Gone, along with the promised cost-of-living increase for state employes, are such pet Brown programs as the $5.8 million California satellite that was meant to link education, police and other communications facilities. Other highly touted Brown proposals, such as a wood-chip gasification plant and an urban reforestation program, are contained in separate legislation but are virtually certain to be eliminated.

The biggest single budget cut came from the pay freeze, which will save California $166 million in cost-of-living increases. An added $124 million will be saved by withholding cost-of-living increases in a variety of scoial programs.

Brown, who has privately acknowledged that he is in trouble in his re-election campaign unless he carries out the mandate of Proposition 13, combined his budget-cut proposals with a call for prompt legislative action to return the surplus and save the jobs of teachers and local government employes.

In a careful effort to avoid any move critics might describe as grand-standing, Brown understated the budget cuts at $570 million, the amount that would be directly available to return to local governments. The other cuts are from special funds that cannot be returned as part of the surplus.

Despite the unhappiness among state workers over the pay freeze, it appears that Brown will get his way.

The California State Employes Association, representing most state workers, denounced Brown for "making decisions based solely on political motivations." But the association's mildly worded statement, which seemed a formality to some legislators, contained no hint of strikes or other direct action. State employes only last week had soyght a 12.5 percent wage increase, mostly as bargaining position.

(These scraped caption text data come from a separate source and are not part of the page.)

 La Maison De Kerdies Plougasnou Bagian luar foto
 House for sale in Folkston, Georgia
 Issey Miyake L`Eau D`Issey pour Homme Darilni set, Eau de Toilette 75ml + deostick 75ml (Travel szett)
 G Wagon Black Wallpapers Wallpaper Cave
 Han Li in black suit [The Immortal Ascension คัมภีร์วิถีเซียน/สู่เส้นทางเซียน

The prevailing view in Sacramento is that the state employes will accept the wage freeze in return for a promise of no layoffs.

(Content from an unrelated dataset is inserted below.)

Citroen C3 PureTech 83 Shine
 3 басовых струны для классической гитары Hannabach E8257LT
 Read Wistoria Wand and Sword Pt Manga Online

Brown has the authority under California law to reduce the state employe pay scales if the legislature refuses to accept a freeze. A two-thirds legislative vote, considered impossible to obtain in the present budget-cutting atmosphere, would be necessary to override him.

The result of Brown's budget cuts including a state hiring freeze announced last week and the affects of Proposition 13 itself, will be to slash the $17.4 billion state budget to $15.1 billion.

Many of these cuts are in reduced subventions, or revenue transfers, the state pays to local governments. Most of the state budget consists of subventions paid to school districts and local governments. This left Brown with only a $4 billion state operations budget in which to make budget cuts. The $570 million that Brown would take out of this operations budget is slightly more than 14 percent, about the same percentage of budget cuts that local governments will have to make if they receive the $5 billion state surplus.

The other cuts, which add up to the $715 million in the total proposal, come from agencies like Fish and Game or the highway department, which are funded by user fees, licenses and specially earmarked taxes. While these cuts will have no effect, on the local government dilemma, taxes, a Brown aide said that these reductions were made so that all departments would be equally affected by budget tightening.